Adam Shankman


“Hairspray” helmer Adam Shankman is back on the beat, so to speak, with “Rock of Ages”.

You described this as a musical for non-musical lovers. It’s more accessible.

Yeah. I think it has elements in it that non-musical lovers can hook into definitely. Certainly, the comedy is really important in this and the nature of the music. What is is that it’s a musical where every demo knows the lyrics and the songs. It was really funny. I heard on the radio, Pour Some Sugar on Me. I was saying, here we go. It’s nice. It sort of in a weird way harkens back to the old days. I remember when Grease came out those songs were on the radio. This will be the first time that that kind of thing happens in a while.

The success of TV shows like Glee and reality TV shows do with singing. Are we seeing some kind of musical type bible on the small screen?

I think what happened is, honestly, we don’t have variety shows anymore but what we do have are the talent competition shows. I think that American Idol, So You Think You Can Dance, Dancing with the Stars etcetera kicked open the door for Glee. And then I think Glee made it much more household. But in reality, those competition shows have shoved music and dancing in everybody’s face every week of the year. They’re just not resistant as they had been for a while. Even Mama Mia was hugely niche. I would look at the numbers from Mama Mia and I doubt that they had a huge male impact. You know what I mean? It was just ladies going over and over and over again on top of which it had been touring internationally. It was a huge hit for a decade. I don’t have that benefit but what I do have is these songs.

How did you discover Diego Boneta, by making tests? He kind of stars in Mexico and Brazil?

I’m not aware of the stars in Mexico and Brazil though because when I saw his audition on my casting website, I had no idea who he was. I’ve never heard of him. I was like, “This guy seems kind of special.” I had no awareness of his background and then I thought, when it sort of came out of his past and who he was in South America and Latin America, I was thrilled.

Everybody knows him.

With him what was really funny though is I went on YouTube and I saw some of his concert footage and all that and I was laughing. I was like, “I’ve got to kick the boy band out of this kid.” When I was doing Hairspray with Zach, I was like, I’ve got to get rid of all that Disney. I don’t mean these things like I’m saying them like they’re bad words. They’re not bad words. They’re just not right for the movie. God knows, I was the first one in line buying the ‘N Sync Pop Up.

Do you think there are teenagers who will like this movie or it’s for the people from the 80s?

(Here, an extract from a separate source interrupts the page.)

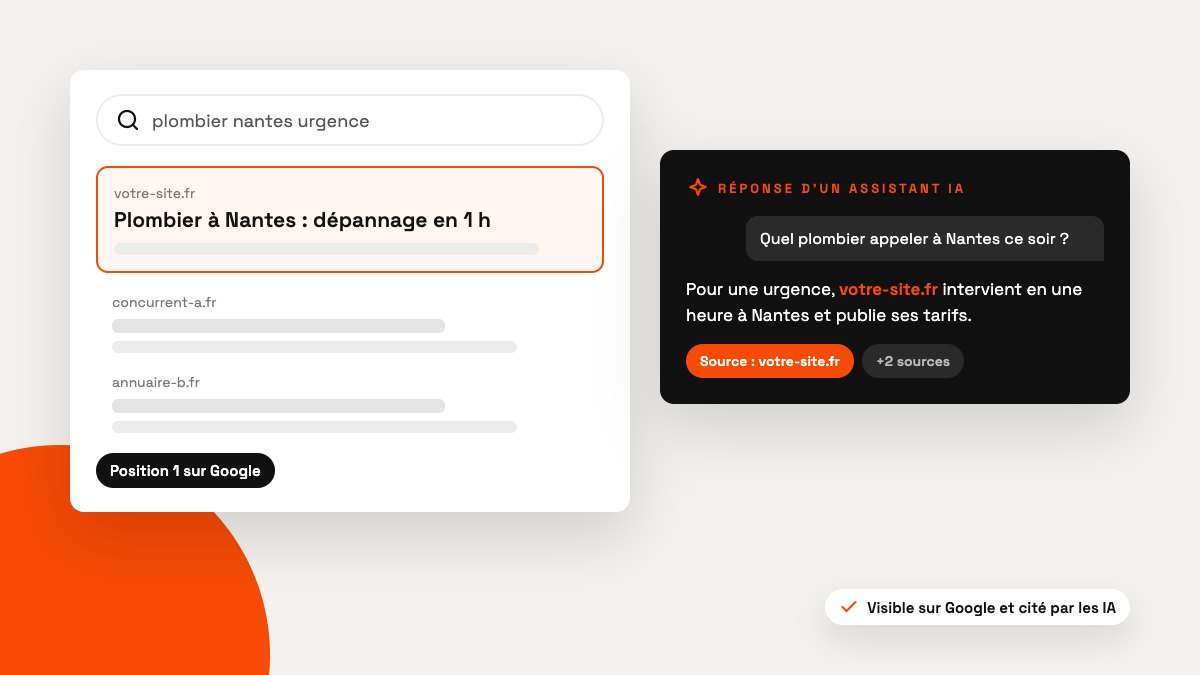 Un site en première position sur Google et cité comme source dans la réponse d'un assistant IA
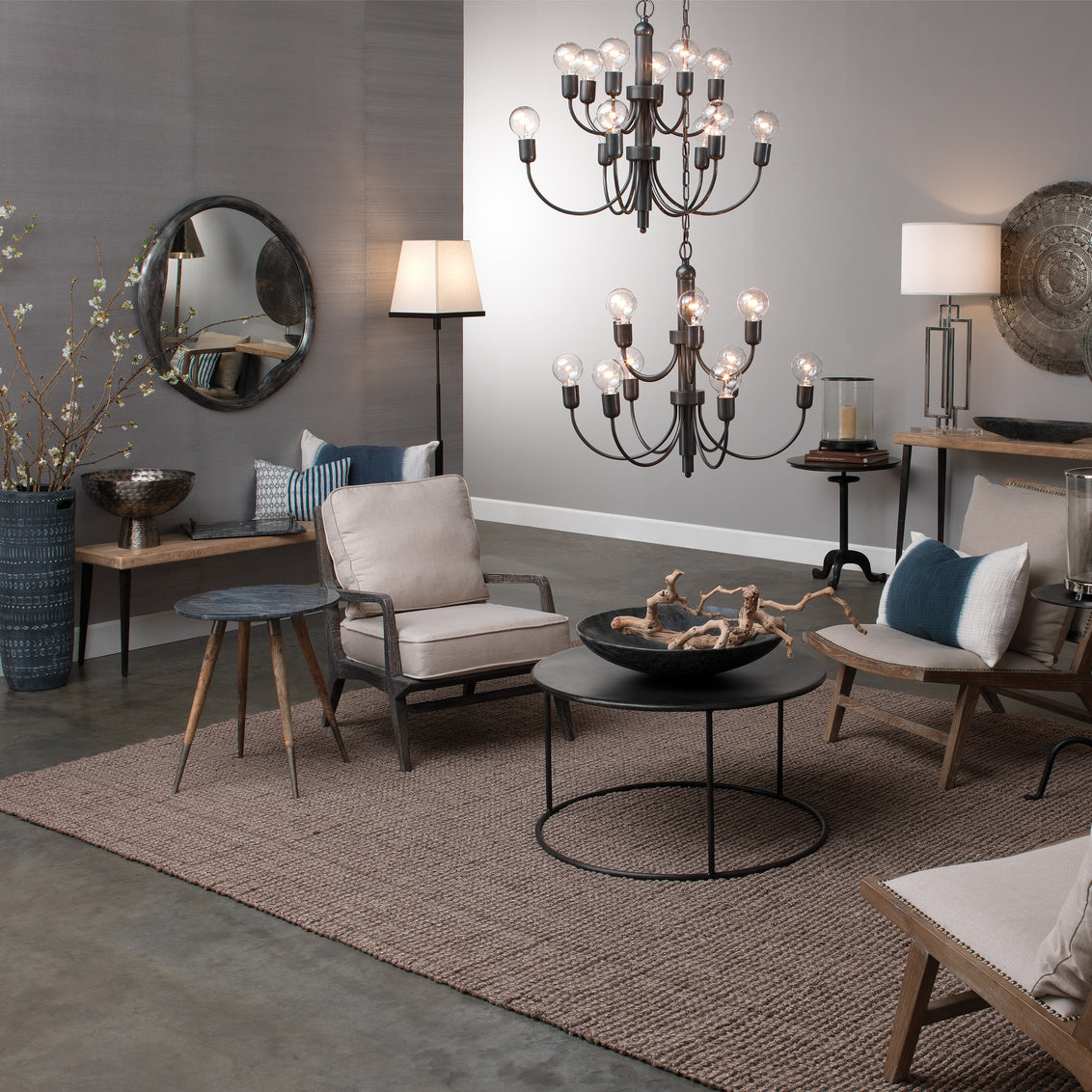 Organic Round Mirror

I think teenagers will like the movie once they discover it. I think that that’s going to be the hardest group of people to get because they don’t have the nostalgia but they do know the music because the music is on the radio. Diego doesn’t have in America what Zach had which was High School Musical. He’s going to be more of a discovery. Certainly, I think it’s fun for teenagers. I mean it pushes it – the scene with Tom and Malin on the air hockey table. That’s actually fine for teenagers. It’s like under teenagers because the audience for Hairspray goes all the way down to like four and five year olds. I’m not sure that I would take a four year old to this movie but… but believe me the extended version makes this version look like It’s a Wonderful Life. I cut down a lot of the sexy stuff. I mean I was surprised at myself at how sexy I kind of allowed it to get.

I think we saw that in the ensemble piece in the striptease club.

In Any Way You Want It?


What about it?

I think one can see it that you were very cautious not to go too sexy.

Yeah. Like I said, there was a lot more. I cut around how risqué it was. The big number that I cut out Rock You Like a Hurricane is quite something because Julianne is very intense and she’s only wearing a thong and a bra and she’s pole dancing and lap dancing with Tom and it’s all about her crotch. By the way, she was fantastic at it. In fact, she was too good. I think the great irony of having Julianne in the movie is that she’s not dancing. By the same token, I think it’s actually kind of exciting that we didn’t end up exploiting her dancing and that she can carry the movie and she’s a really good actor and she’s a really good singer and she’s adorable. Those two kids have the hardest time because there was nothing wacky about their characters. Everybody else was bad shit crazy in the movie. Everybody had some quirkiness to play and something really out there. Those two just had to be the boy and girl who fall in love and fall out of love and fall back in love. That was all they had particularly Diego. I really felt the responsibility to put in the boy band thing with Diego because [A] I think it’s funny, but [B] I needed him to bottom out the same way she bottomed out. It was him to lose his integrity in order to get it back. She kept laughing, why is the only place she can get hired is places where she’s naked? Sometimes I laugh at the movie. There things but that’s from the play.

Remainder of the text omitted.